Planet am Wendepunkt

Häuser, Straßen, Maschinen und Plastik: Die Masse der von Menschenhand hergestellten Dinge könnte in diesem Jahr erstmals die gesamte Biomasse auf der Erde übertreffen. Wissenschaftler sehen einen Wendepunkt in der Geschichte der Menschheit.

Der menschliche Einfluss auf den Planeten hat laut der Studie im Fachblatt „Nature“ eine neue Phase erreicht. Die Masse der künstlichen Objekte hat sich demnach in den vergangenen 100 Jahren alle 20 Jahre verdoppelt. Zu Beginn des 20. Jahrhunderts betrug sie nur etwa drei Prozent der Biomasse. Als solche habe man „alles, was lebt“ definiert, sagt Studienautor Ron Milo vom israelischen Weizmann-Institut, also auch Pilze und Bakterien erfasst. Beispiele für von Menschen hergestellte Materialien sind Beton, Asphalt, Metalle, Kunst- und Baustoffe.

Pflanzliche Biomasse halbiert

Seit der ersten landwirtschaftlichen Revolution hätten Menschen die pflanzliche Biomasse von rund zwei Teratonnen (2.000.000.000.000 Tonnen) auf gegenwärtig rund eine Teratonne reduziert. Gründe seien etwa die landwirtschaftliche Nutzung von Böden und die Entwaldung.

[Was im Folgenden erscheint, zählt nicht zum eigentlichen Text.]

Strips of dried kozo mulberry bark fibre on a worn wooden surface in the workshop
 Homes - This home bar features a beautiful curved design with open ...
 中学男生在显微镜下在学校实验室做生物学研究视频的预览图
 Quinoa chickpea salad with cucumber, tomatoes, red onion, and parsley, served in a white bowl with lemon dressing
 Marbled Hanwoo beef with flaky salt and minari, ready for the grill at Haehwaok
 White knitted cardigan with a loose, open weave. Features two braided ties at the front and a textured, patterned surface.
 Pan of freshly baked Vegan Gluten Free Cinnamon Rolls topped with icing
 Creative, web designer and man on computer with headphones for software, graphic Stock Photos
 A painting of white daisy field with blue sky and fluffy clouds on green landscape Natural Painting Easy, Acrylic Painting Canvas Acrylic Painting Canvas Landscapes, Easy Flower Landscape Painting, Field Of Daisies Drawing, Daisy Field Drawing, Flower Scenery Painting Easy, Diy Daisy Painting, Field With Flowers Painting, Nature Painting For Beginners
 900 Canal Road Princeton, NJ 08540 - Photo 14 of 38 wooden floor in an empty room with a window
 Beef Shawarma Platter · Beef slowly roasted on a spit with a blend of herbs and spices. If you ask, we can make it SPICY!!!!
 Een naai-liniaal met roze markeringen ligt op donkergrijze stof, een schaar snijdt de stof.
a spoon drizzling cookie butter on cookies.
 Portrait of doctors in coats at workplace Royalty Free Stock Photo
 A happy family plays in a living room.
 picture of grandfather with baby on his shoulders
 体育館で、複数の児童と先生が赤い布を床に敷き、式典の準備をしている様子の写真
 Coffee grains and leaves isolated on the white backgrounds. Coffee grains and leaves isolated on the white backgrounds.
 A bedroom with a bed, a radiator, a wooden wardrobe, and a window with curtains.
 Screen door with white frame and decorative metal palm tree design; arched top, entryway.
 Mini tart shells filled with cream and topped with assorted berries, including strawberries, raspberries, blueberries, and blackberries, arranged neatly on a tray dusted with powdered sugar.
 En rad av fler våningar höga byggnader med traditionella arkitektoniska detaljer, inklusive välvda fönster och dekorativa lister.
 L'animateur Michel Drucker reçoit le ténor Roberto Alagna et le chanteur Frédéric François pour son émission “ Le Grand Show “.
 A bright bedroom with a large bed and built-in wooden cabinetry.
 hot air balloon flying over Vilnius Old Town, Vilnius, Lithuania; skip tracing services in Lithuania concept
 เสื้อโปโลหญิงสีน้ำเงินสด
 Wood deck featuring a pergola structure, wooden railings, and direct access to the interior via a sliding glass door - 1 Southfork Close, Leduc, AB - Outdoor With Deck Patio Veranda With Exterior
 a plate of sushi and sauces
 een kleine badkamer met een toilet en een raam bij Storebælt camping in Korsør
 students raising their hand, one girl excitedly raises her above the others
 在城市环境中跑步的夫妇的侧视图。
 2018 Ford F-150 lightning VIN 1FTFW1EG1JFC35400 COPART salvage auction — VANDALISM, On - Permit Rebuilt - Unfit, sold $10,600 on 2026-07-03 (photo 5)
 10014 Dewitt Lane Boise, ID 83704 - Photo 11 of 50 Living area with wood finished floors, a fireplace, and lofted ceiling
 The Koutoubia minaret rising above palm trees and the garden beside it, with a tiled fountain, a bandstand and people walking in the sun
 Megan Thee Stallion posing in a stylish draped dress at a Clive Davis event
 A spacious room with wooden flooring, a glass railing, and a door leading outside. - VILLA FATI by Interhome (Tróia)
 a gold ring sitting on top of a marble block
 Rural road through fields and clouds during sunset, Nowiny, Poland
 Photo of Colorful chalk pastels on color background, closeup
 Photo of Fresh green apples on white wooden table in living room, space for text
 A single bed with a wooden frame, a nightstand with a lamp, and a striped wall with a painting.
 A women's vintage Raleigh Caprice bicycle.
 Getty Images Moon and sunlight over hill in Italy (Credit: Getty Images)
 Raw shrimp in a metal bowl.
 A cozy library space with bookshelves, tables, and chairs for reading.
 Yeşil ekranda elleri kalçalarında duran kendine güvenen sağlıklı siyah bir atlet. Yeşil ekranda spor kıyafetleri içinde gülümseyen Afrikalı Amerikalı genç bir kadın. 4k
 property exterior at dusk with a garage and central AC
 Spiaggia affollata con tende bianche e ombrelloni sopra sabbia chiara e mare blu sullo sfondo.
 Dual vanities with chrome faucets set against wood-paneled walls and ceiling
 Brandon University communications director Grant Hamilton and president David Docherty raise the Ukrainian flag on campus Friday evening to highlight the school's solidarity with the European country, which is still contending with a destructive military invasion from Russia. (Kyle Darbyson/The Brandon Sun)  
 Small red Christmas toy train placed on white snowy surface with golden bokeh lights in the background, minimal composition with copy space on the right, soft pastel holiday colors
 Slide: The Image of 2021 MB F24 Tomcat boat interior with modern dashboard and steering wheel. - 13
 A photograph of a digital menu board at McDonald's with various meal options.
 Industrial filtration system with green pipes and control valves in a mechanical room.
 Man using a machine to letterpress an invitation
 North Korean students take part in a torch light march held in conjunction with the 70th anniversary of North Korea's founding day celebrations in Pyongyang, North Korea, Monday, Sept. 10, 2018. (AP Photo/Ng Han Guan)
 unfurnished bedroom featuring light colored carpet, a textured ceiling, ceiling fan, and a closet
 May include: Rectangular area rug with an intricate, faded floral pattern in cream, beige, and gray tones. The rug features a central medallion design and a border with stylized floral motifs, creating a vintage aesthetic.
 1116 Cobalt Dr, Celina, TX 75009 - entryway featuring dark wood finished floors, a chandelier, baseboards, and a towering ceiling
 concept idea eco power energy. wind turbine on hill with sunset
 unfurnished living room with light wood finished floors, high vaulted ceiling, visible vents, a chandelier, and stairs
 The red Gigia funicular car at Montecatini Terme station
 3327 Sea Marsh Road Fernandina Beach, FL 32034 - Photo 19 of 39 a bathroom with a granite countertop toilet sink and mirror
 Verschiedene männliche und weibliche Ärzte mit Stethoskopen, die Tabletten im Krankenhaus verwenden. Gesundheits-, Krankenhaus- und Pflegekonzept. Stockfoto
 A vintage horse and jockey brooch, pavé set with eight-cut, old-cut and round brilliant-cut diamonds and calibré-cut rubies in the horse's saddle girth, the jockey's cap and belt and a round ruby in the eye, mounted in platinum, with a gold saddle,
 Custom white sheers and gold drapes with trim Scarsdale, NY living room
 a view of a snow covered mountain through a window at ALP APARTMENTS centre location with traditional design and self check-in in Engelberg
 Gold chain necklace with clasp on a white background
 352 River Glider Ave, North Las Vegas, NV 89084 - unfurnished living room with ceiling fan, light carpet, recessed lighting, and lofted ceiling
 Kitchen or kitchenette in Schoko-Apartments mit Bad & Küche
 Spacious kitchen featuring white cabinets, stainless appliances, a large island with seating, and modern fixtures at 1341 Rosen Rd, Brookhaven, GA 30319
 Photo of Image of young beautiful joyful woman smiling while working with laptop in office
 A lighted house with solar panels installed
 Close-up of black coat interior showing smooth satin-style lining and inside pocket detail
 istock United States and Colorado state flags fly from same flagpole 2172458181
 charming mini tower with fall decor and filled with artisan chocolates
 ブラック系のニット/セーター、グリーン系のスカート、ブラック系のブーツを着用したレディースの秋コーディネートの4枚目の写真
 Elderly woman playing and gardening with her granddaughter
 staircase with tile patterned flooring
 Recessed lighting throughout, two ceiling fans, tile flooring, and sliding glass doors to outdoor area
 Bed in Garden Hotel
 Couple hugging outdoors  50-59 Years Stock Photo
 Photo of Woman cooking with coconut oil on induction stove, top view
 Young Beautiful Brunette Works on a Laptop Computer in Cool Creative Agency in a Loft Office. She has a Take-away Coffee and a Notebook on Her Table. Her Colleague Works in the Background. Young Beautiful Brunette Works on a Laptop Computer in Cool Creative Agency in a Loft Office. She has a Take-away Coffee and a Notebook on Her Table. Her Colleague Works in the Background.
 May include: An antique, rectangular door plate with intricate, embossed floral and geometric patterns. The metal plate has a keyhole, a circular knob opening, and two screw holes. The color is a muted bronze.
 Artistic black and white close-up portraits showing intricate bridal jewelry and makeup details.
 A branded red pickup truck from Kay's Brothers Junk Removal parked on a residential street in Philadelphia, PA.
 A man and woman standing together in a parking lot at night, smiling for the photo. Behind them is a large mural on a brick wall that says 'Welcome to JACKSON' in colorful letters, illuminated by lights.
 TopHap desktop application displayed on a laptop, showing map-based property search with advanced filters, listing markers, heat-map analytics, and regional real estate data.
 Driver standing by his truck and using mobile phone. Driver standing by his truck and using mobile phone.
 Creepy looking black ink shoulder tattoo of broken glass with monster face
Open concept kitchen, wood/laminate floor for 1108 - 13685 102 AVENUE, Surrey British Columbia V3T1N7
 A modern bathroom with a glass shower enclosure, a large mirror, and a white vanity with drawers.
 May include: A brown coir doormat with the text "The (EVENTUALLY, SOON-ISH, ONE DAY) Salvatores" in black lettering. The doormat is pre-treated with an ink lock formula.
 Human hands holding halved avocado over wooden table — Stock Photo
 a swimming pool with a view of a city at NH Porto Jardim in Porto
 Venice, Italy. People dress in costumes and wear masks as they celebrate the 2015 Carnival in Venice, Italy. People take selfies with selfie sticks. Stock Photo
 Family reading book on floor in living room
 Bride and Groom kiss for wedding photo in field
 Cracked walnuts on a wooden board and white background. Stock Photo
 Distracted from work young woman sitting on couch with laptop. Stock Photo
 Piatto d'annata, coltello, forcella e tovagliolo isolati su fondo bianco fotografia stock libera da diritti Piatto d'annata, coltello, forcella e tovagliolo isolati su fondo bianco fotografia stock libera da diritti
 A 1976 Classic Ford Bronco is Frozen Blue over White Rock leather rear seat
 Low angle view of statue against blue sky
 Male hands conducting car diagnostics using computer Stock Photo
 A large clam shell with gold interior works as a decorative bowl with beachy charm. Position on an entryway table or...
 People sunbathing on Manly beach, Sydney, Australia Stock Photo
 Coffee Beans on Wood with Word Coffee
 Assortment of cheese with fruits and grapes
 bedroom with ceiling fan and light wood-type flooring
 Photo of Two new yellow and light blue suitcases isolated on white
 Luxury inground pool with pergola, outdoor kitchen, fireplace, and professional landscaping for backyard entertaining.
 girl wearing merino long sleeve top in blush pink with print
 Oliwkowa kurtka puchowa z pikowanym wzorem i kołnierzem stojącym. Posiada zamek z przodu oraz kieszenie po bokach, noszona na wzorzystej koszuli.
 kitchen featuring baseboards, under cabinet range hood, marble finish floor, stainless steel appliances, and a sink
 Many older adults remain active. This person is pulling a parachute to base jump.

Auf der anderen Seite steht die wachsende Produktion und Anhäufung von Objekten. Dies habe zu einer „Verschiebung des Gleichgewichts zwischen der lebenden und der von Menschen geschaffenen Masse“ geführt.

Kräne und Baumaschinen: Baustelle der Tesla Gigafactory in Grünheide bei Berlin
dpa-Zentralbild/Patrick Pleul

Milo und sein Team haben die globalen Veränderungen der Biomasse und der von Menschen produzierten Masse von 1900 bis zur Gegenwart untersucht. Während die Biomasse schrumpfe, wachse die „anthropogene Masse“ immer schneller an. Gegenwärtig werde sie in einem Umfang von mehr als 30 Gigatonnen (30.000.000.000 Tonnen) im Jahr produziert. Dies bedeute, dass für jeden Menschen auf der Welt in einer Woche Objekte geschaffen werden, die etwa seinem Gewicht entsprechen.

Mehr Dinge als Arten

Eine andere Studie war 2016 zu der Schlussfolgerung gelangt, dass die Vielfalt technologischer Dinge – vom Bleistift bis zum Atomkraftwerk – inzwischen vermutlich die Zahl der Arten von Lebewesen auf der Erde übersteigt. Die Arbeitsgruppe um Jan Zalasiewicz von der Universität Leicester schätzte die „Artenzahl“ der Technosphäre auf über eine Milliarde – mehr als es lebende Arten auf der Erde gibt.

Die israelischen Forscher betonen in ihrer Arbeit, dass es sehr schwer sei, den Wendepunkt im Verhältnis zwischen Biomasse und von Menschen produzierter Masse auf der Erde zeitlich genau festzulegen. Bei ihren Schätzungen konzentrierten sie sich auf das Trockengewicht (ohne Wasserkomponente). Wenn der gegenwärtige Trend sich fortsetze, werde die Masse der von Menschen hergestellten Objekte im Jahre 2040 rund zwei bis drei Teratonnen betragen.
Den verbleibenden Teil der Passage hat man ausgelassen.